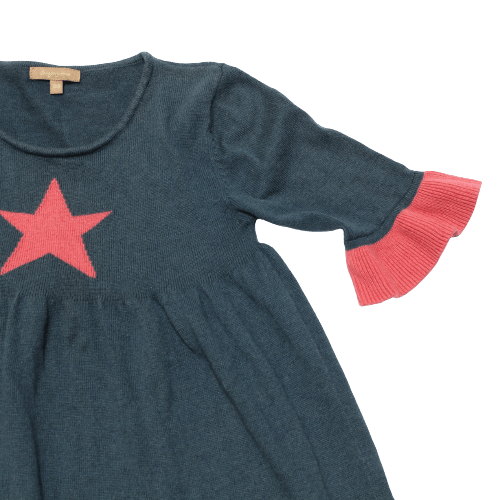 Designer Star Dress - 2nd Lyfe C.I.C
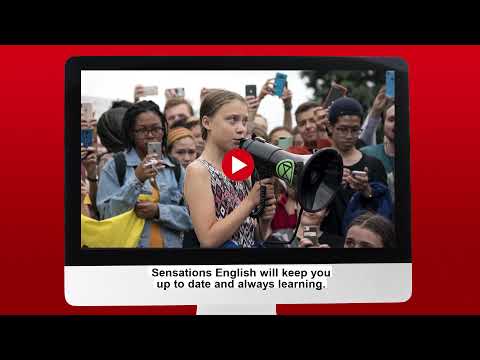Sensations English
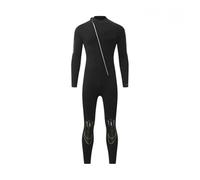 wetsuit men Wetsuit for Man 1.5mm Neopreno Surf Suits Women Swimsuits Long Sleeve Diving Suit Swim Snorkel(MF202-Men-1.5mm,M)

## WHAT YOU ARE ASKED TO DO
The response must repeat all the lines above exactly and include no pictures.

## RESPONSE
 Designer Star Dress - 2nd Lyfe C.I.C
Sensations English
 wetsuit men Wetsuit for Man 1.5mm Neopreno Surf Suits Women Swimsuits Long Sleeve Diving Suit Swim Snorkel(MF202-Men-1.5mm,M)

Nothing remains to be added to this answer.